Content starts
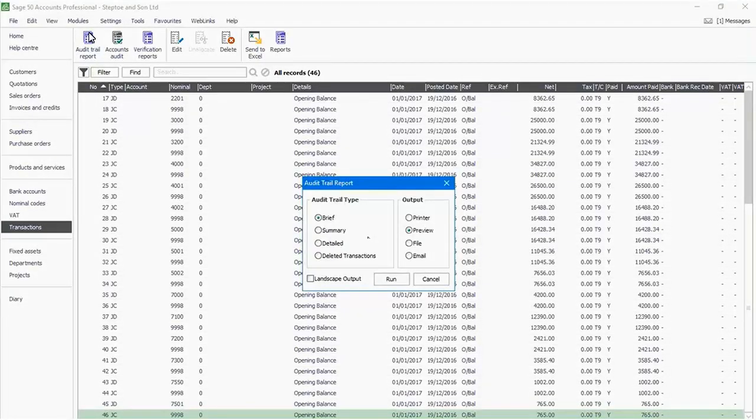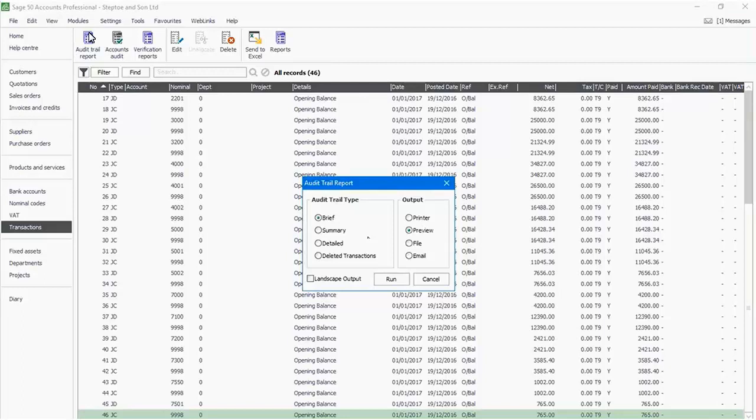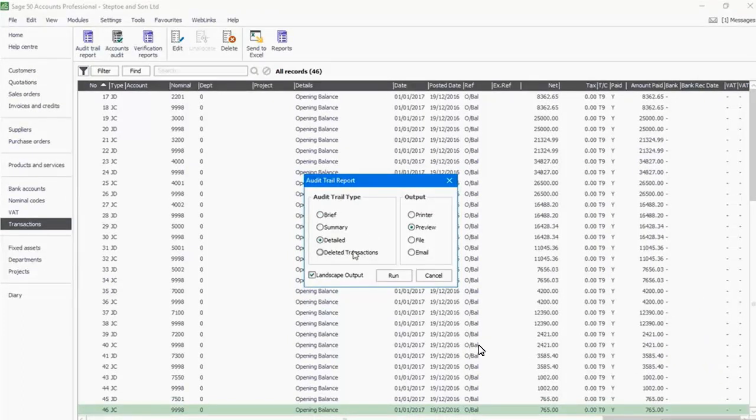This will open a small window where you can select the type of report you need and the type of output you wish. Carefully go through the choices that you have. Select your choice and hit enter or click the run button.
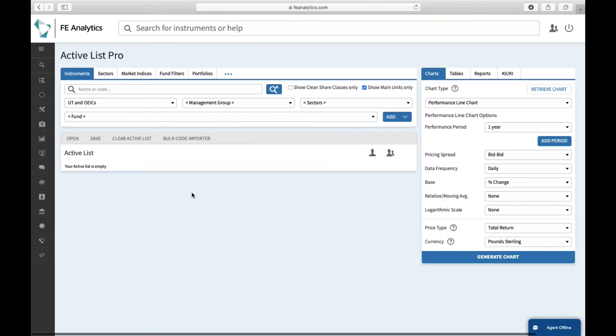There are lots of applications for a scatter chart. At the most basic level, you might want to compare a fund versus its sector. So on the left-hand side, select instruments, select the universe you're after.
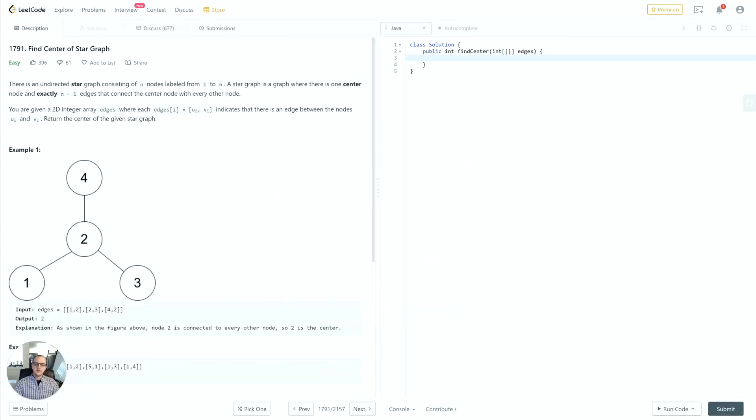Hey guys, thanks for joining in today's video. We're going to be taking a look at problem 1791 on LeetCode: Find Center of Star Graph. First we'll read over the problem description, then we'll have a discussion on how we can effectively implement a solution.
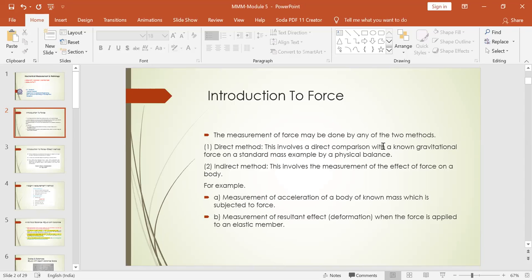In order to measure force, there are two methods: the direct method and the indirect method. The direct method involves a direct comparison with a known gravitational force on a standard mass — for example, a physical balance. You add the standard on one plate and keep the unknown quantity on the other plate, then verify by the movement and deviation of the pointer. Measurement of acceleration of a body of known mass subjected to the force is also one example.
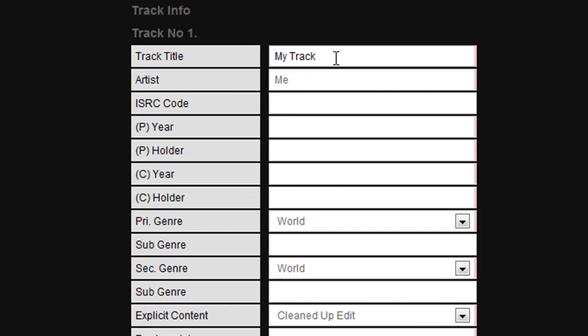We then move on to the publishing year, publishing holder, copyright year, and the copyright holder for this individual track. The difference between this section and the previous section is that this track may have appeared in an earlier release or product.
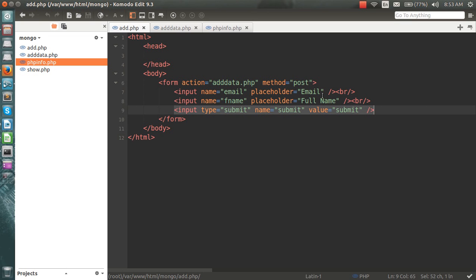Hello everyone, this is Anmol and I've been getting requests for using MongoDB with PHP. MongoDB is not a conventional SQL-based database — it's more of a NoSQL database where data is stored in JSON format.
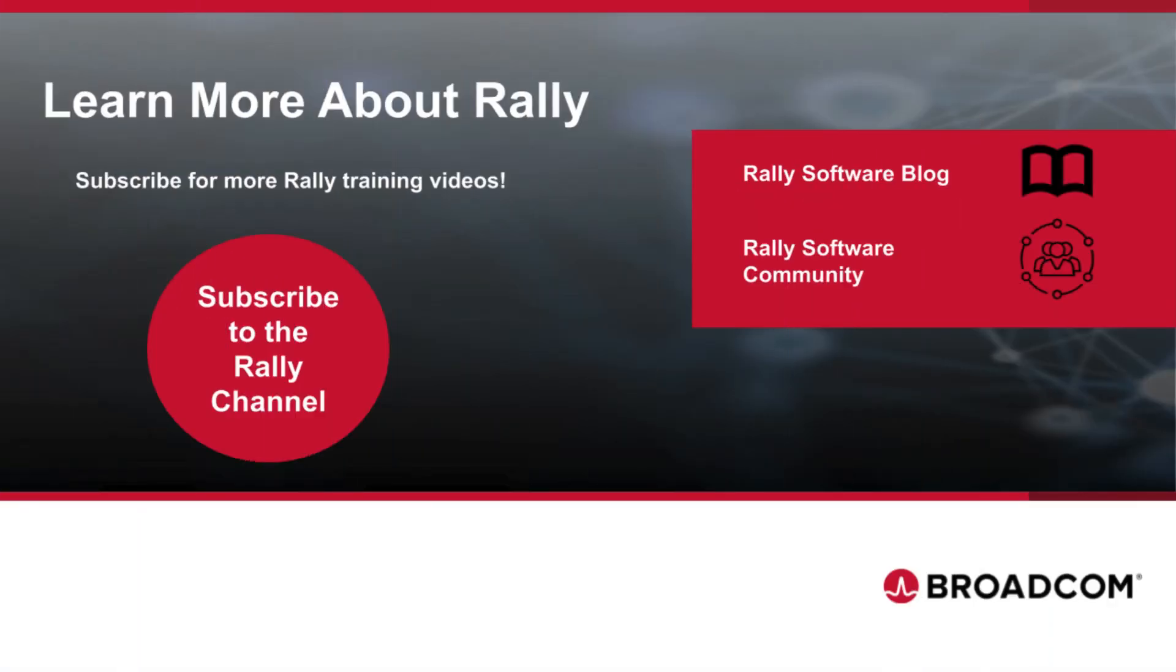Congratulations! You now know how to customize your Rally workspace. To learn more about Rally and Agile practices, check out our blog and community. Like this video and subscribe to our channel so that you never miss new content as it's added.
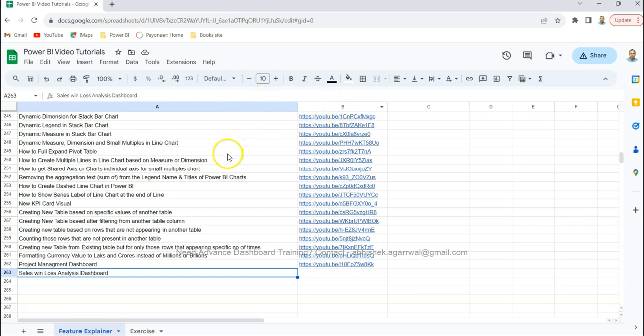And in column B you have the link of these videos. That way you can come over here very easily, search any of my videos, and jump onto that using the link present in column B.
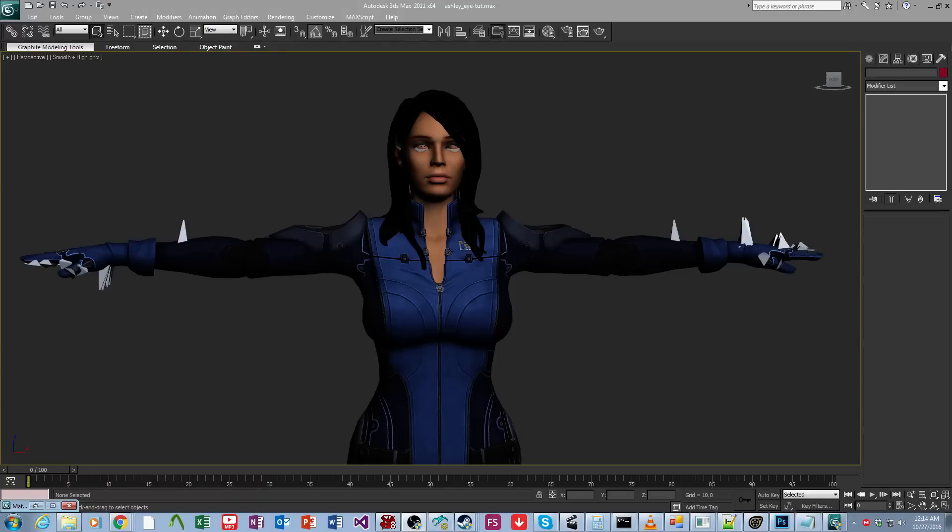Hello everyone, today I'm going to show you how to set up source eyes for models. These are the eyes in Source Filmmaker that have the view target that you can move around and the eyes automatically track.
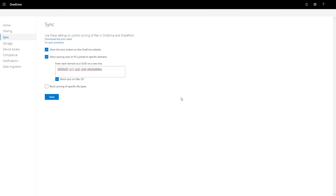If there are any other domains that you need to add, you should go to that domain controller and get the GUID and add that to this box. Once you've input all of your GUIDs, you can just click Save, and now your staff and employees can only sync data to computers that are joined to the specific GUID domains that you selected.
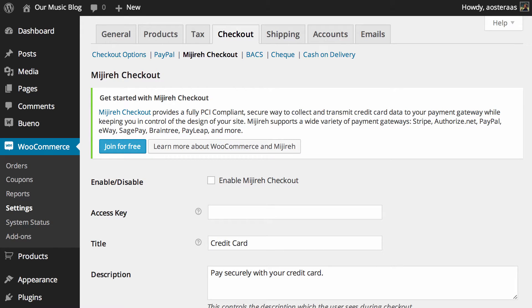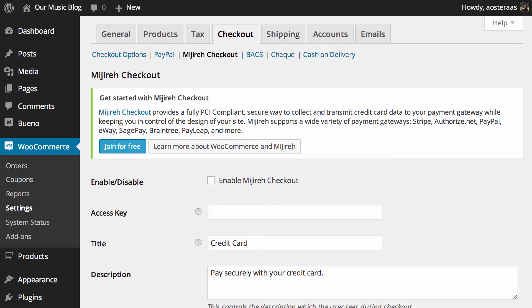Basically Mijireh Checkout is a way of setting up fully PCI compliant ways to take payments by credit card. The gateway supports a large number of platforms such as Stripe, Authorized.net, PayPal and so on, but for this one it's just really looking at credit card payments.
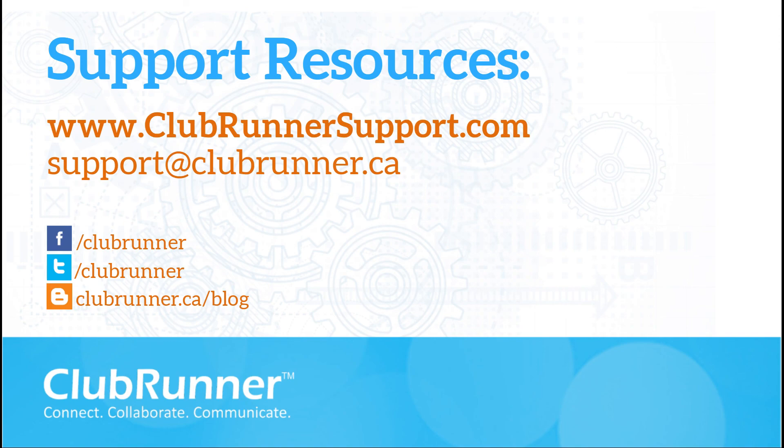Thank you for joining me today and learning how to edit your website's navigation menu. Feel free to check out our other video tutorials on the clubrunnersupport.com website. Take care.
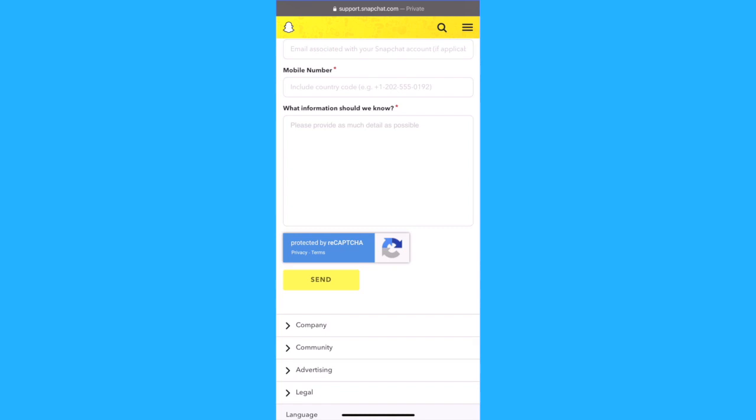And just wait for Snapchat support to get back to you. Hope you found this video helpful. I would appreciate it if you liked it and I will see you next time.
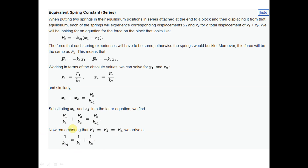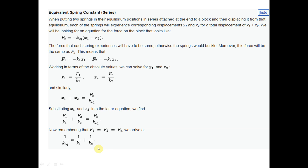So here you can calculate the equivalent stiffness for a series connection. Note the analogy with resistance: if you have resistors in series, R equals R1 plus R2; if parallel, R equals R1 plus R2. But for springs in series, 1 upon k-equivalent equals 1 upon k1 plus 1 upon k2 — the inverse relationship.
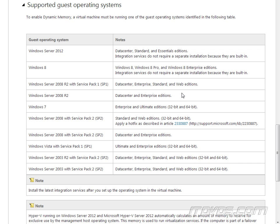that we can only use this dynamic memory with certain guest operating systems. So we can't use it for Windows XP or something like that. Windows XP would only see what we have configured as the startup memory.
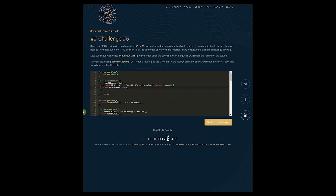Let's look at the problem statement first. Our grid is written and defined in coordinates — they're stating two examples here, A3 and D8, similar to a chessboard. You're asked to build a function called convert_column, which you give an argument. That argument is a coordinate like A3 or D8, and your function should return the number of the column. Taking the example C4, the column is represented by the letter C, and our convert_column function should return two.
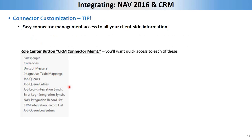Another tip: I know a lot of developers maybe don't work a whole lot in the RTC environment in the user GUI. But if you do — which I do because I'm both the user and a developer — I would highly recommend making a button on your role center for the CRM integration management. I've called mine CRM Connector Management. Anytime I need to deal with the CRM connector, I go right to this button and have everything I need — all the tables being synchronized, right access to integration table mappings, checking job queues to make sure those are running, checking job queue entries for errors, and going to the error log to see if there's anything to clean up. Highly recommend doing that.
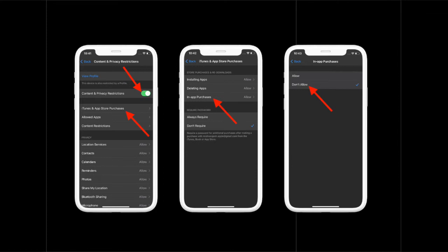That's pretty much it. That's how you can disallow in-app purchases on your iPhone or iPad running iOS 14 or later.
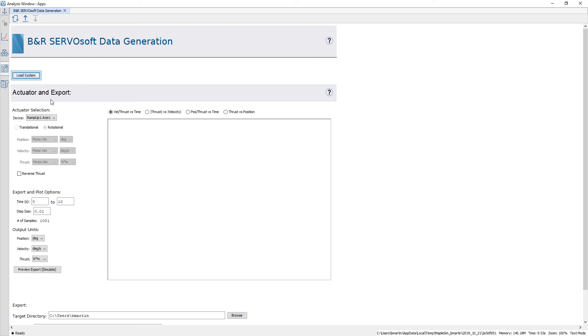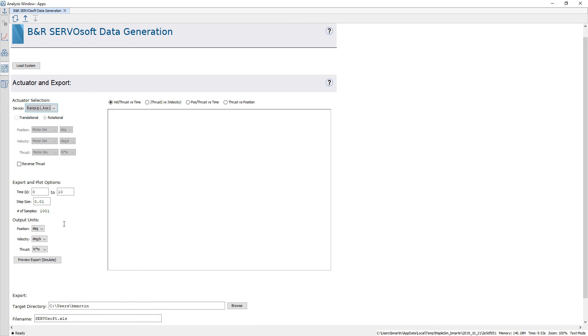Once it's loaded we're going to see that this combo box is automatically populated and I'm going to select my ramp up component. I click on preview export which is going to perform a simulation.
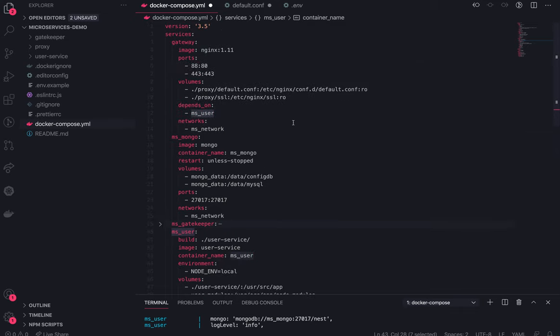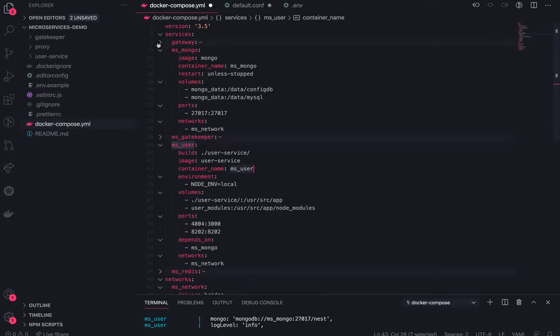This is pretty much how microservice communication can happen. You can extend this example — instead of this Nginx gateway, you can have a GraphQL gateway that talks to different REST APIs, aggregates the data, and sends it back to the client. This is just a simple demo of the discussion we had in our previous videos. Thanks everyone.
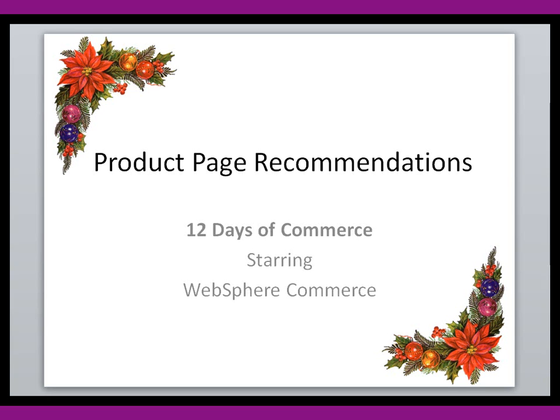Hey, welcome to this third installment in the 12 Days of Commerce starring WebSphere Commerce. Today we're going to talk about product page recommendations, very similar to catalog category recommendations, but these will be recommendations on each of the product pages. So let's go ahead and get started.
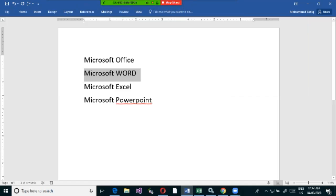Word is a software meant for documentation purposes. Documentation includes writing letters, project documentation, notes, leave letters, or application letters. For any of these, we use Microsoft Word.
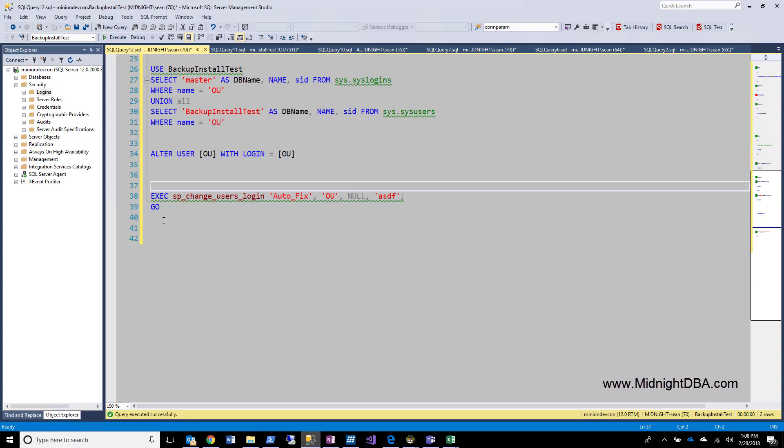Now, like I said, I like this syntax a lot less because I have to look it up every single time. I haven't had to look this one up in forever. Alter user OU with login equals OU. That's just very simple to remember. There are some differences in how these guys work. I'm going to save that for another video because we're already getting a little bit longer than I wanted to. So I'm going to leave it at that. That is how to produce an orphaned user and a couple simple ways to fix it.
Content ends
What is required
In the listing above, find the line with "If there are" and the line with "And just wait". Copy exactly those two and every line between, without the pictures.

Written solution
If there are any other domains that you need to add, you should go to that domain controller and get the GUID and add that to this box. Once you've input all of your GUIDs, you can just click Save, and now your staff and employees can only sync data to computers that are joined to the specific GUID domains that you selected.
Basically Mijireh Checkout is a way of setting up fully PCI compliant ways to take payments by credit card. The gateway supports a large number of platforms such as Stripe, Authorized.net, PayPal and so on, but for this one it's just really looking at credit card payments.
Thank you for joining me today and learning how to edit your website's navigation menu. Feel free to check out our other video tutorials on the clubrunnersupport.com website. Take care.
And just wait for Snapchat support to get back to you. Hope you found this video helpful. I would appreciate it if you liked it and I will see you next time.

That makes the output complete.